Task>
Your task is to repeat the records exactly from the line containing "县委副书记,代理县长马学敏主持会议.jpg" onward, through the final line.

Data entries

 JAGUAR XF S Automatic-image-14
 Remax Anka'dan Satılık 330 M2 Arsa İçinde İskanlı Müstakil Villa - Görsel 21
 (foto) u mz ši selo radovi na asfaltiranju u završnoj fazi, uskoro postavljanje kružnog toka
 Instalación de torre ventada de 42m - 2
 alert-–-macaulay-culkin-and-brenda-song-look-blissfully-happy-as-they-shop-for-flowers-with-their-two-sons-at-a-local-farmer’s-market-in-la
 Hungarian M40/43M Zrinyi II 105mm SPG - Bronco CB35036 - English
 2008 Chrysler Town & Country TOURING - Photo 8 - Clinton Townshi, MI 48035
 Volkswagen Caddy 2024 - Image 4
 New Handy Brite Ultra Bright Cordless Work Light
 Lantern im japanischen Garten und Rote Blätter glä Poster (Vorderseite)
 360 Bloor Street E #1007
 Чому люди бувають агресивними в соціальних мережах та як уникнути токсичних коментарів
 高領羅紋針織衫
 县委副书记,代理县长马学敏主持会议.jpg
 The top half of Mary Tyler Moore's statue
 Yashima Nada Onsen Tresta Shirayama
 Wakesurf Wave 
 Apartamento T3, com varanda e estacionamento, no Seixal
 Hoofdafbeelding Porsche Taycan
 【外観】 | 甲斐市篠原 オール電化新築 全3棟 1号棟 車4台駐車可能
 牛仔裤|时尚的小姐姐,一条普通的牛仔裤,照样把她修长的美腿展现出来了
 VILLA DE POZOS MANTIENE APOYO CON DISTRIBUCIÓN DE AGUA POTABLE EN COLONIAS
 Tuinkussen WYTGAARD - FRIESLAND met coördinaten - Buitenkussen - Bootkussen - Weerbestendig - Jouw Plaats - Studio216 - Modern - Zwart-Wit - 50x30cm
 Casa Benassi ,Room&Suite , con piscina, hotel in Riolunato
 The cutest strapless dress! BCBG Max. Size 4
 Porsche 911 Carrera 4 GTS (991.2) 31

Expected answer>
 县委副书记,代理县长马学敏主持会议.jpg
 The top half of Mary Tyler Moore's statue
 Yashima Nada Onsen Tresta Shirayama
 Wakesurf Wave 
 Apartamento T3, com varanda e estacionamento, no Seixal
 Hoofdafbeelding Porsche Taycan
 【外観】 | 甲斐市篠原 オール電化新築 全3棟 1号棟 車4台駐車可能
 牛仔裤|时尚的小姐姐,一条普通的牛仔裤,照样把她修长的美腿展现出来了
 VILLA DE POZOS MANTIENE APOYO CON DISTRIBUCIÓN DE AGUA POTABLE EN COLONIAS
 Tuinkussen WYTGAARD - FRIESLAND met coördinaten - Buitenkussen - Bootkussen - Weerbestendig - Jouw Plaats - Studio216 - Modern - Zwart-Wit - 50x30cm
 Casa Benassi ,Room&Suite , con piscina, hotel in Riolunato
 The cutest strapless dress! BCBG Max. Size 4
 Porsche 911 Carrera 4 GTS (991.2) 31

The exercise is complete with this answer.